While at Iowa, Perez made one more important connection: She met Robert Carolan (70JD), who had capped his career as a Minnesota district judge with two decades working in international courts, hearing cases on human rights abuses in Kosovo and Myanmar. Not only did Carolan have excellent advice, but he had three sons who also attended Iowa—including Paul (06MD), a radiologist, who married Perez. “We are a true Hawkeye family,” Perez said.

Managing high-profile transactions in Prague

Michael Mullen

When Michael Mullen (96JD) was growing up in North Liberty, Iowa, his father led the art department at Kirkwood Community College in Cedar Rapids. It is hard to imagine now, but in those pre-internet days, his father would take the family to Europe in the summers so he could photograph works of art for his classes.

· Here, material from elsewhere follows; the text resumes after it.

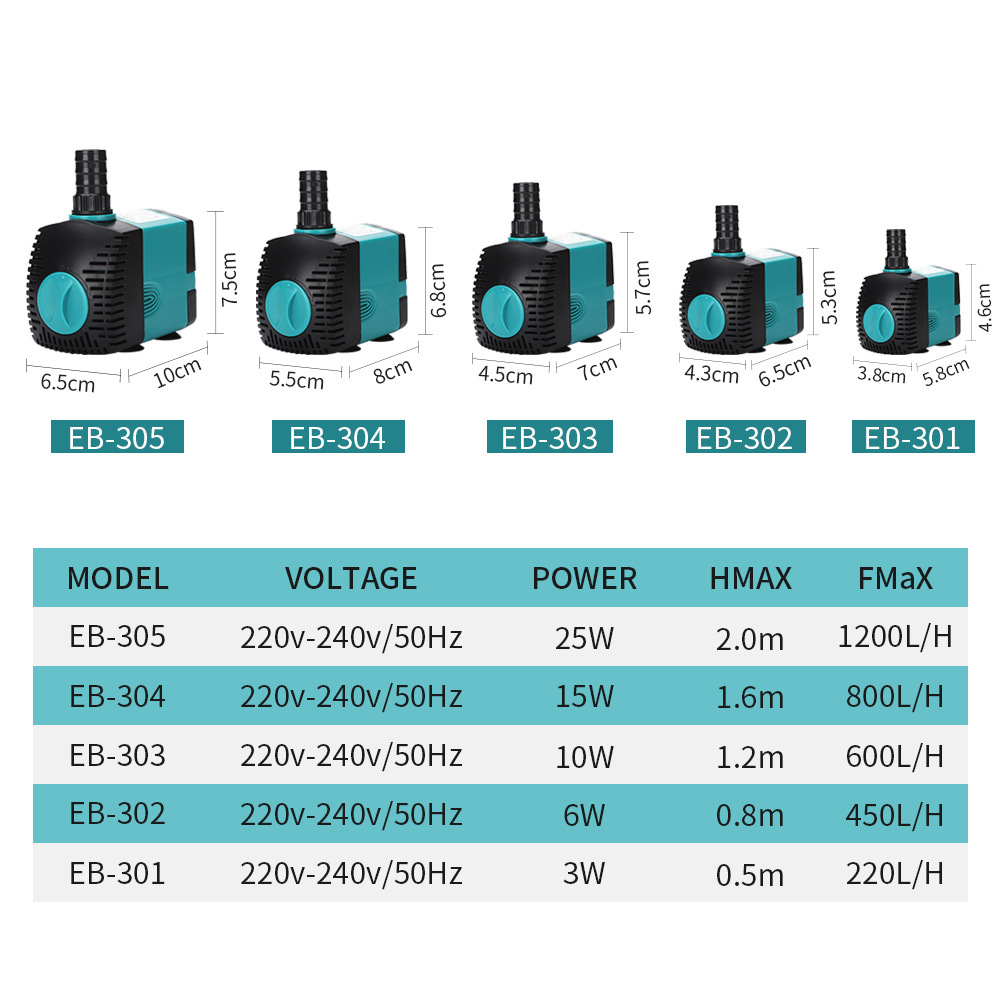 Bombas de Agua ultrasilenciosas 8 versiones disponibles hasta 3.000 litros/hora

“At a very young age, I got acclimated to the European environment,” Mullen said. He learned Spanish and French along the way. He graduated from Grinnell College in 1989, just as the Berlin Wall fell, and moved to the newly formed Czech Republic. “It was a blossoming and reopening of society,” he said. “It was a wonderful time to be in Prague.”

While studying Czech at Charles University, Mullen taught English and worked for translation agencies. As he translated contracts, he thought, “I could write better contracts,” and he began attending classes at Charles University law school. Lawyers working in Prague advised him to get a U.S. education, so he returned to Iowa for law.

He worked for a global law firm in Chicago for three years, which sent him to Turkey, Romania, and then the Czech Republic. While in Prague, another firm recruited him, and he has spent the rest of his career there, helping the country transform its banking sector while privatizing its banks, rebuilding state-owned enterprises, and assisting western companies establishing businesses.

He worked for various firms, including leading the Central and Eastern European legal practice of PricewaterhouseCoopers. By then, he had married, had young children, and wanted to stay closer to home, so he joined former colleagues who founded the BADOKH law firm in Prague.

Mullen has worked on high-profile transactions, such as Molson Coors’ €3.5 billion acquisition of Central European brewer Starbev and a €6 billion acquisition attempt of regional lottery company Allwyn.

Reflecting on his journey, Mullen said he enjoys setting goals and working step-by-step to achieve them.

“I had seen what was possible, and I wanted to experience it,” he said. “I definitely had a plan. Anything in life is achievable if, despite inevitable setbacks, you have a plan and stick to it.”

Working for the social good in London and beyond

Gilbey Strub

Gilbey Strub (90JD) has used the knowledge gleaned in her years as a partner at a global law firm to help establish creative legal instruments that work for the benefit of society. One of those instruments helped alleviate European taxpayers’ burden to bail out failing banks, while another—“green bonds”—forged a path for governments and corporations to raise money to help the transition to a low-carbon economy.

Strub worked on the first high-yield (or “junk”) bond offerings in Europe in the 1990s, founding and leading a European trade association that established investor protections. After the 2008 global financial crisis, her association became part of the Association for Financial Markets in Europe, where she led a banking initiative that created the concept of—instead of a bailout—a “bail-in.”

“It simply meant that investors bear losses when they invest in banks, instead of taxpayers,” Strub said.

With green bonds, Strub followed in the footsteps of war bonds and railroad and highway bonds of the past, galvanizing social values to fund environmentally sustainable businesses and climate-friendly government projects.

An opportunity to study abroad during her time at Iowa Law whet Strub’s appetite for international law. She was one of the first to participate in a summer program that sent Iowa law students to study in France.

Strub lived in London for 27 years, becoming a British citizen, and has now returned to her native Iowa City, where she is active with the Driftless Water Defenders, among other nonprofits. “It was a good time to come back,” Strub said. “All hands on deck are needed. Iowans need to step up and reclaim their state and arrest the degradation of the environment and the water system.”